Mysterious Skin

Mysterious Skin

Mysterious Skin (Director: Gregg Araki, USA, 2004): Two boys share a dark secret until their paths cross again ten years later. If it sounds a bit melodramatic, well, it might be, except that the two boys smother their pain in different ways. Neil (Joseph Gordon-Levitt in a breakout performance) remembers everything about the summer when he was eight with a sort of romantic nostalgia. He loved the attention his baseball coach lavished on him, even all the special games they played when they were alone. He has grown into a sullen gay hustler who doesn’t let anyone get close to him emotionally. Brian (Brady Corbet) doesn’t remember the night where he “lost five hours,” and suffers nightmares, blackouts and nosebleeds for years. Over time, he becomes convinced that he was abducted by aliens. Since we know Neil’s story already, we know the truth is much more prosaic. This is a film that absolutely requires stellar performances from these two actors and they deliver.

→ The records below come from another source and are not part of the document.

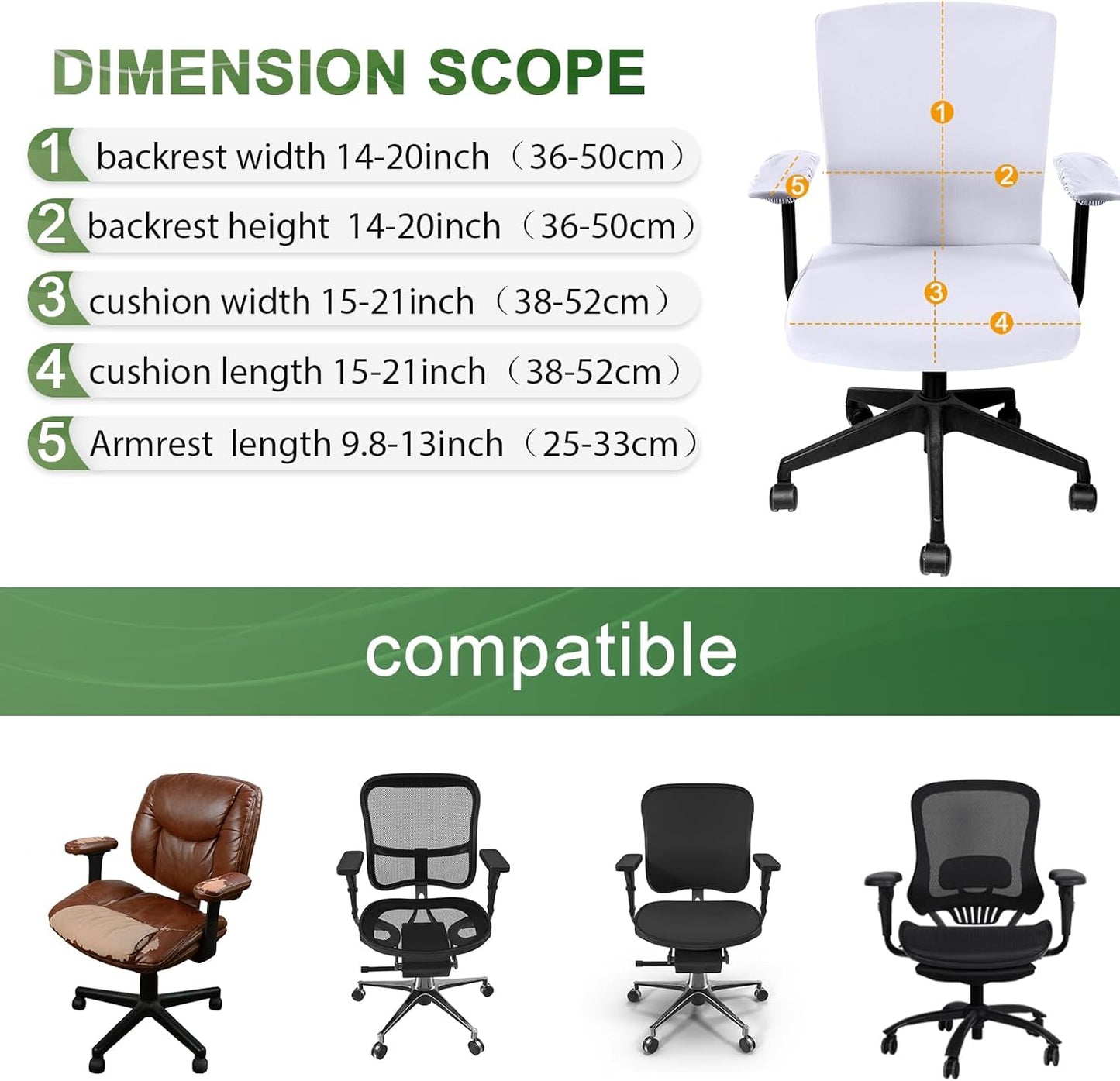 Tallew 4 Pcs Office Chair Covers Set Computer Universal Protective Stretchable Chair Seat Covers Desk Armrest Cover Pads Office Cushion Backrest for Rotating(Regular,Black)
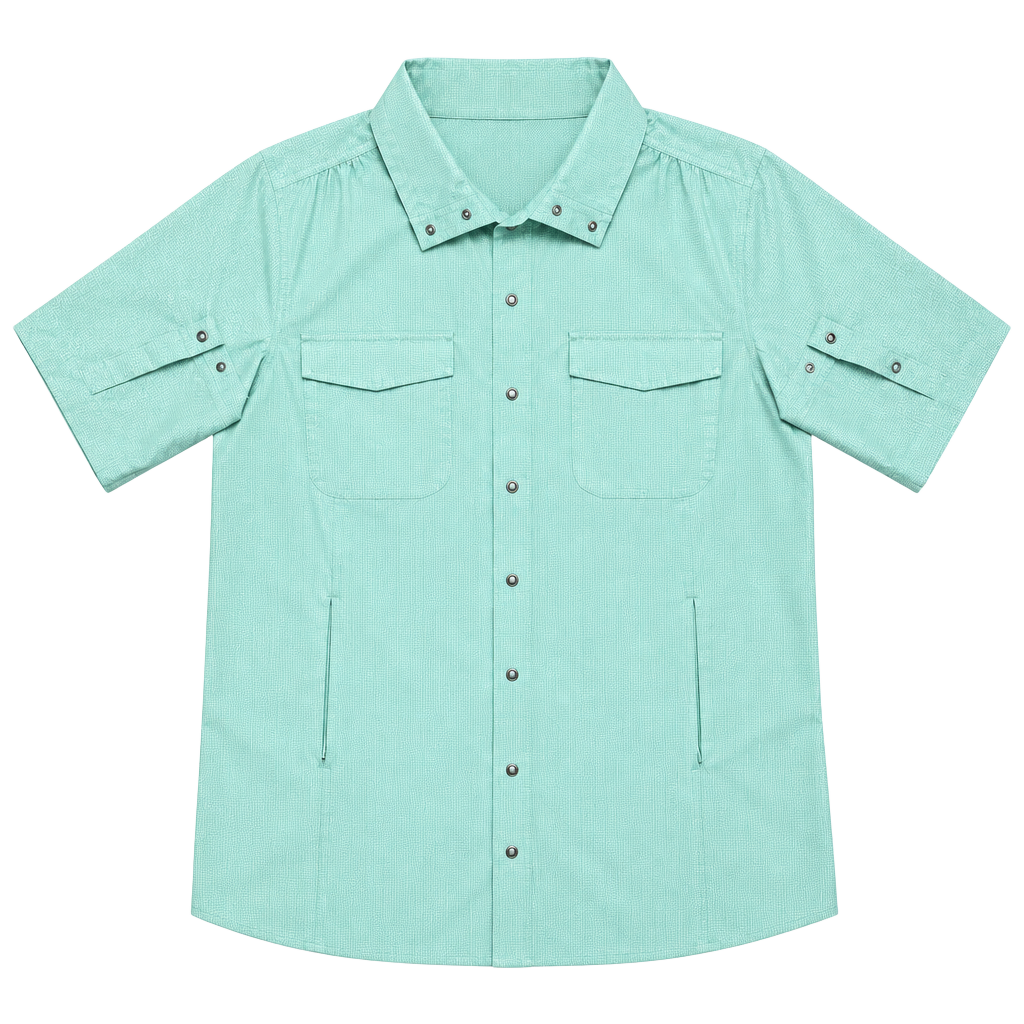 Columbia Long Sleeve Shirt Mint Green Snap Front 1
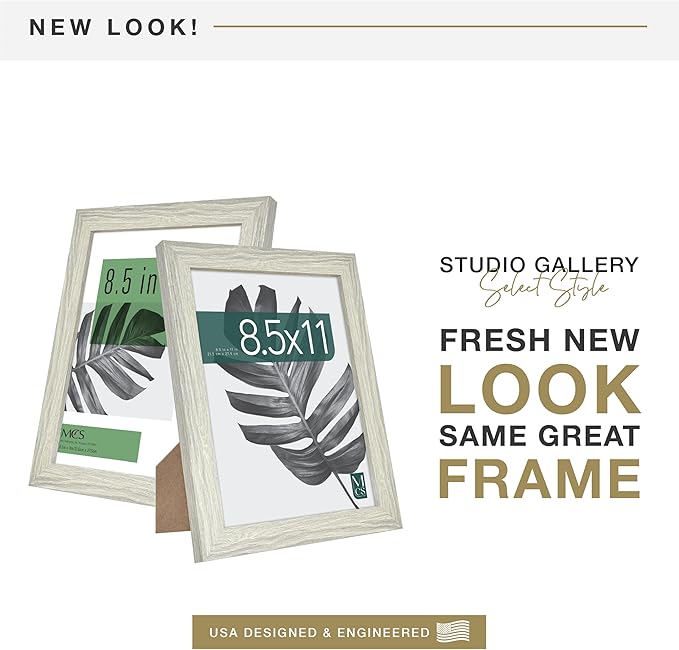 MCS Studio Gallery 8.5x11 Picture Frame Gray Woodgrain Engineered Wood, Rectangle Photo Frame for Photos, Posters & Art Prints & Easel for Tapletop Display (1-Pack)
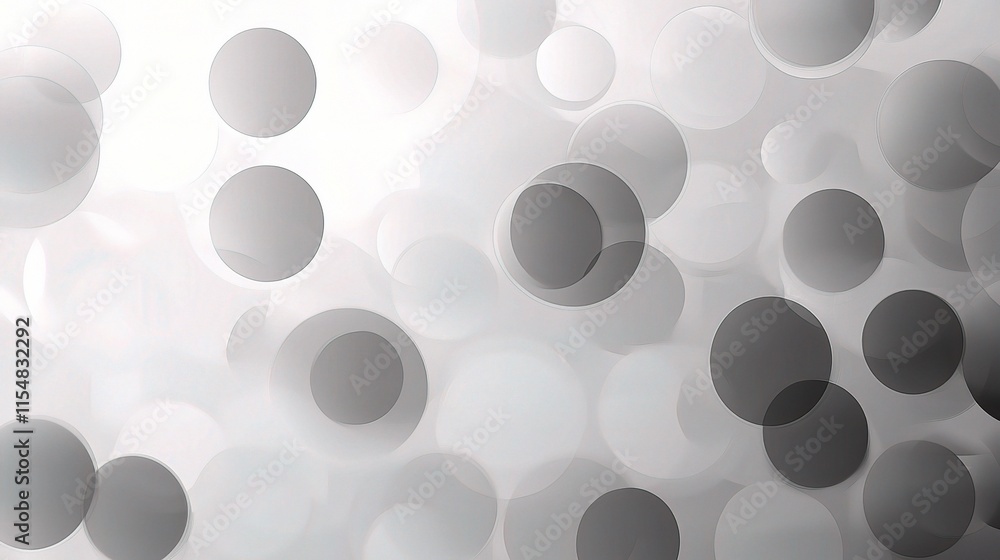 Poster Modern Abstract Gray Background with Circles in Soft Focus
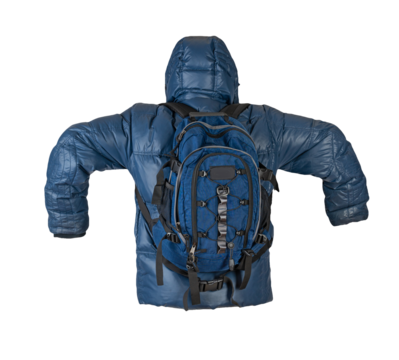 black backpack dressed in a red jacket isolated on a white background.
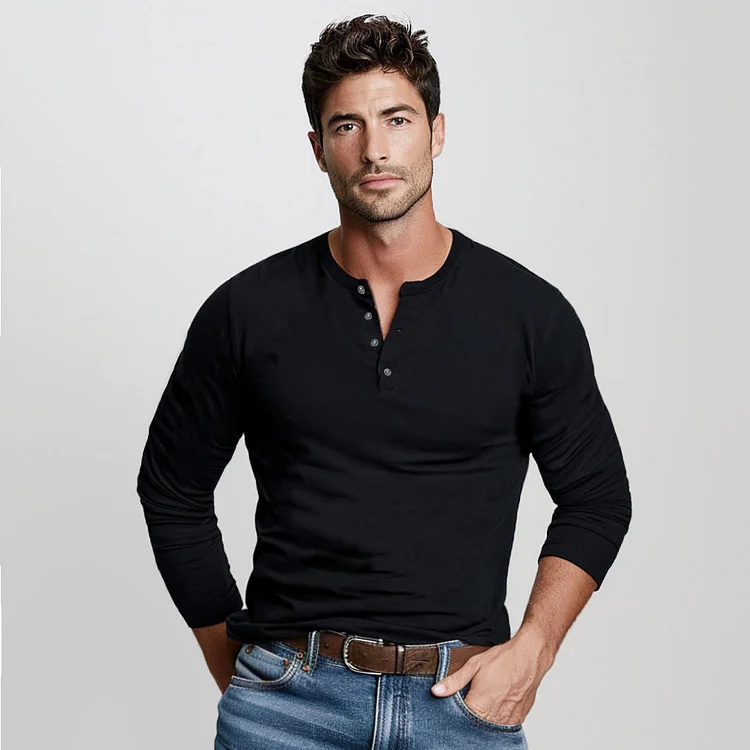 100% Cotton Henley Collar Long Sleeves T-Shirt QueenFunky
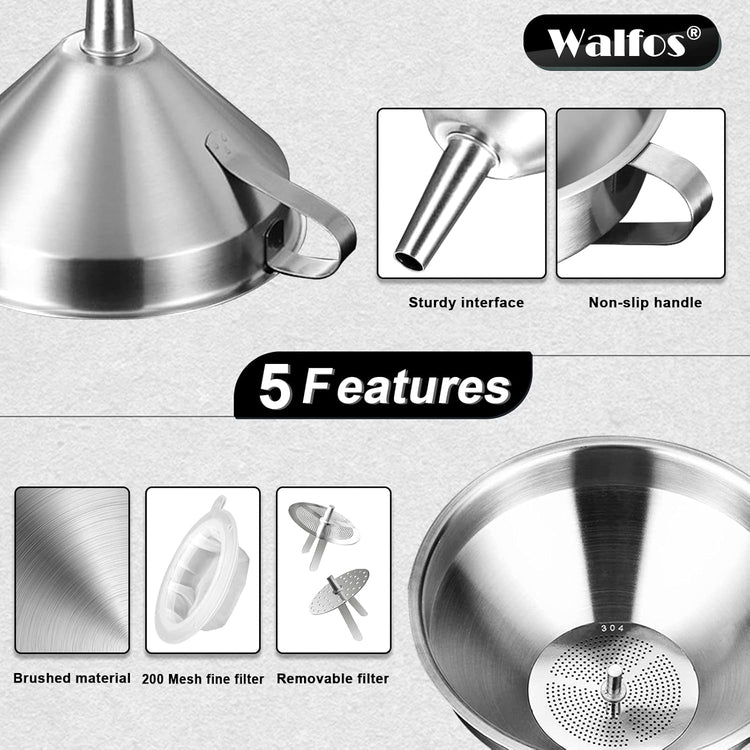 Walfos 3Pcs Kitchen Funnel with 2 Removable Strainer & 1 Cleaning Brush & 1Pc 200 Mesh Food Filter Strainer, Food Grade Stainless Steel Funnel for Transferring of Liquid, Oils, Jam, Dry Ingredients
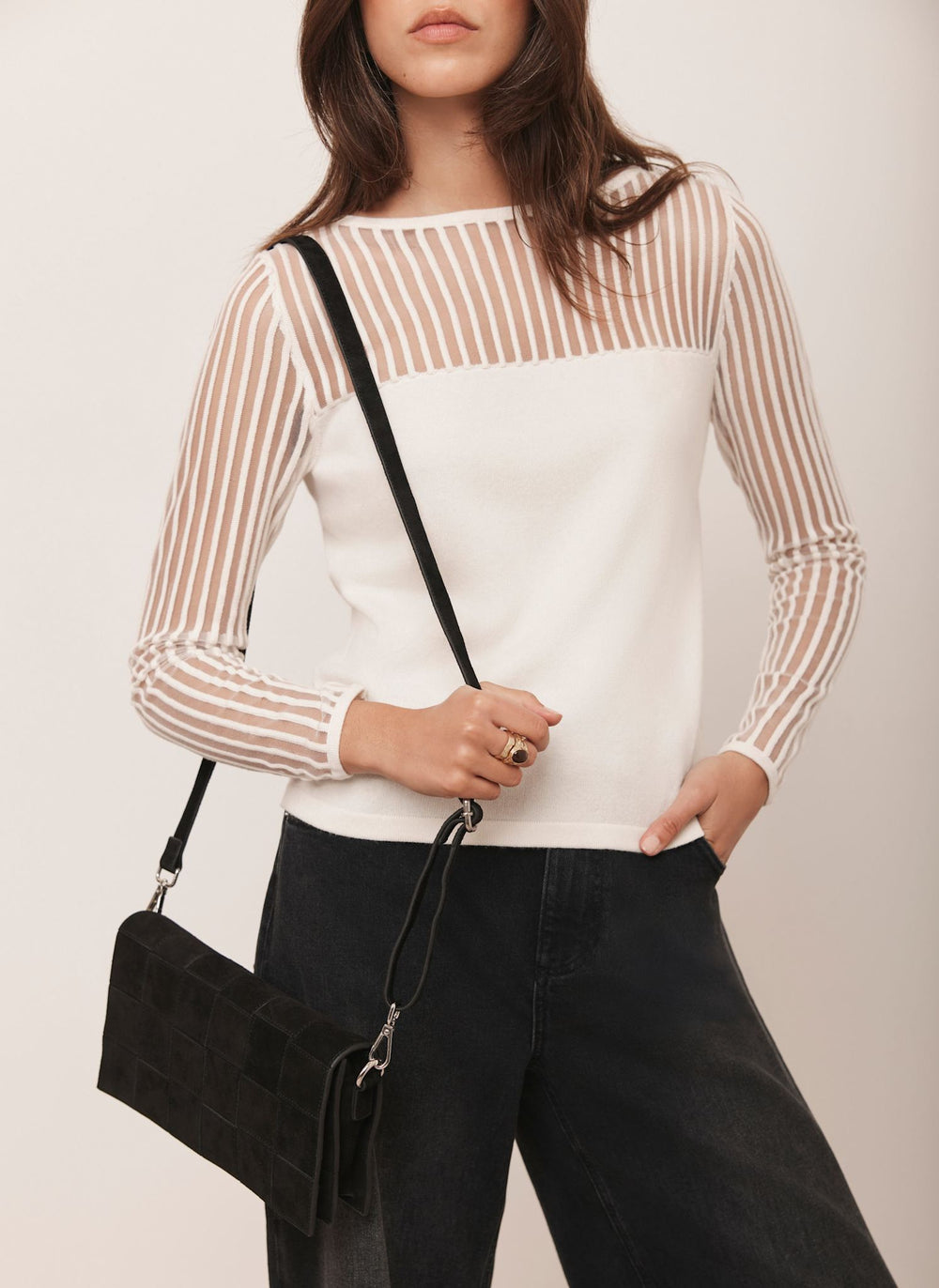 Cream Sheer Knit Top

Entwining Neil’s vivid remembrances with Brian’s efforts to remember any shred of detail gives the film an interesting structure, and the fact that the two boys don’t meet again until the very end of the film gives the ending a real emotional punch. Neil’s strange and sad nostalgia at the beginning about the events that happened to them fails by the end to hide the real damage that both boys have suffered. The ending does leave us with a kernel of hope, although there is a bit of voiceover that seems to come out of nowhere. The fact that the film is based on a novel by Scott Heim probably has something to do with the complicated multiple-flashback structure, and I think the screenplay’s attempt to simplify it shows a few seams in places.

Overall, though, the lead performances carry us over any bumps and make this an experience both disturbing and moving.

P.S. The “present-day” in the film is 1991, and so the soundtrack features a lot of great bands from the “Shoegaze” era: Slowdive, Curve, Ride, and the Cocteau Twins.